“British Energy Policy” is a contradiction in terms. There has been no energy policy for at least twenty years, just a collection of ill thought out statements backed by political dogma which ignores the reality of what the United Kingdom needs for energy and how it can be done. It is likely that the next very cold winter that the United Kingdom experiences will see power cuts and gas shortages.
The latest bad news is that four nuclear power plants, operated by EDF (Energy de France) have been shut down for at least until the end of this year. These plants have passed the useful life for which they were designed and have been kept in operation by repairs and other measures, but you can only patch up a nuclear power plant for a limited period of time until it becomes potentially too dangerous to operate, and so it has happened that these power plants will, in my view, be unlikely to make a significant contribution to our energy needs this winter.

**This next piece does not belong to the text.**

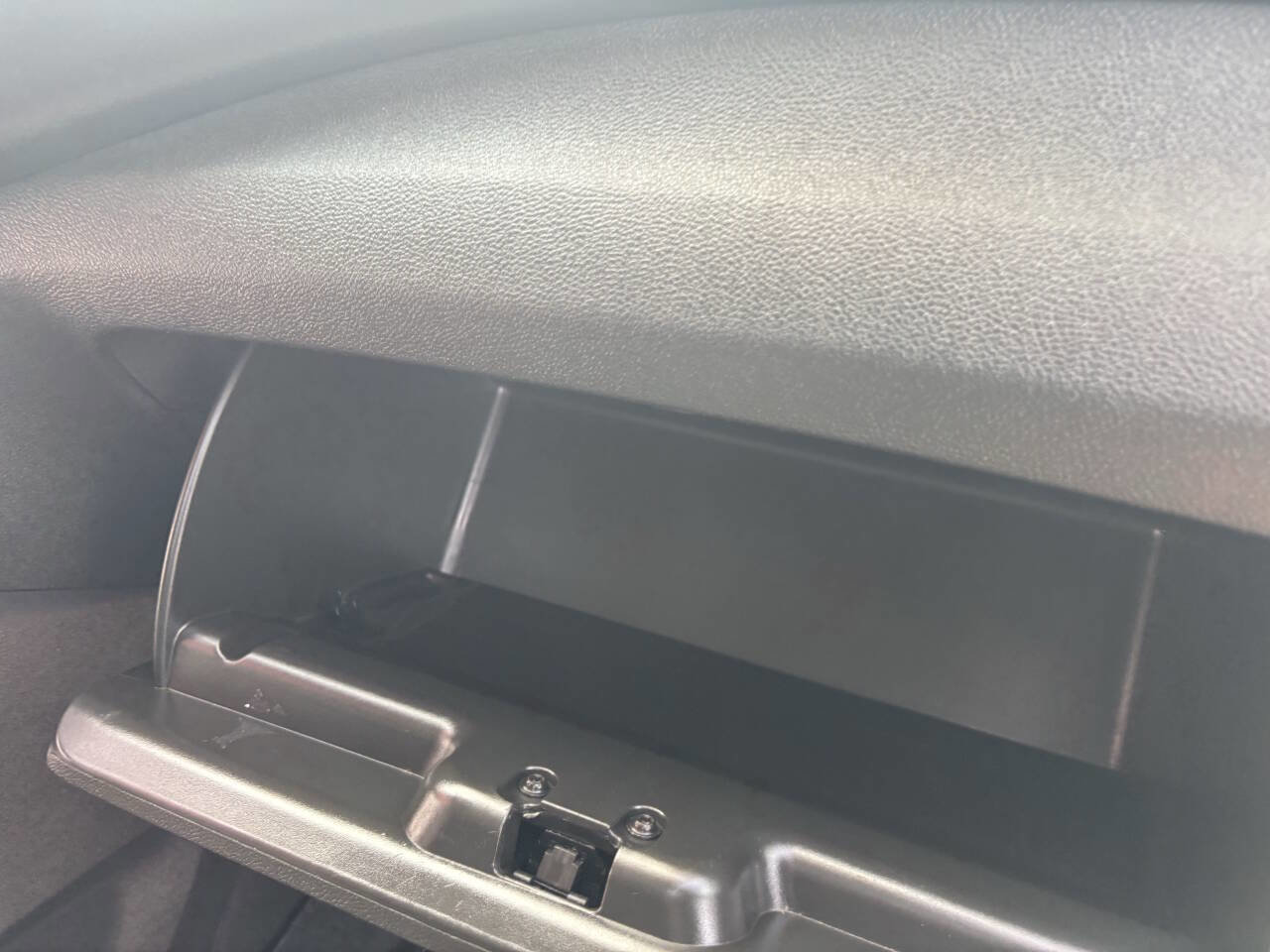 Used 2018 Chevrolet Trax LS AWD/4WD image 23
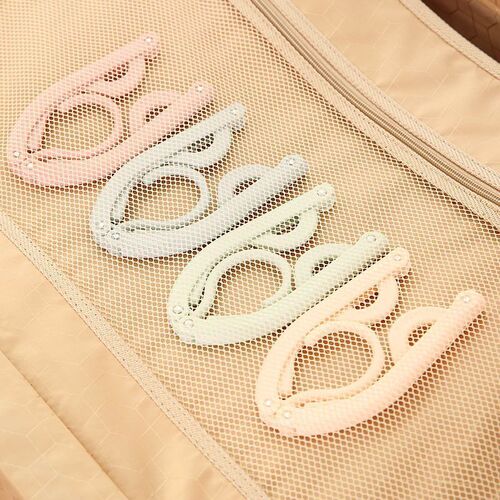 Folding clothes hanger travel multifunctional plastic magic portable home storage simple business trip retractable non-slip drying rack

Together they produce 4% of the UK electricity needs, and with other plants operating at what is likely to be top capacity in a very cold winter, we will see shortages if the east wind does blow and we have snow.
Political problems are likely to make the supply of oil from the Middle East tenuous and gas from Russia expensive. Energy supplies will have to make alternative arrangements to source energy elsewhere, possible from Europe, but a very cold winter will probably make demand significant exceed supply.
It must be the right time to stock up on candles and blankets, just in case.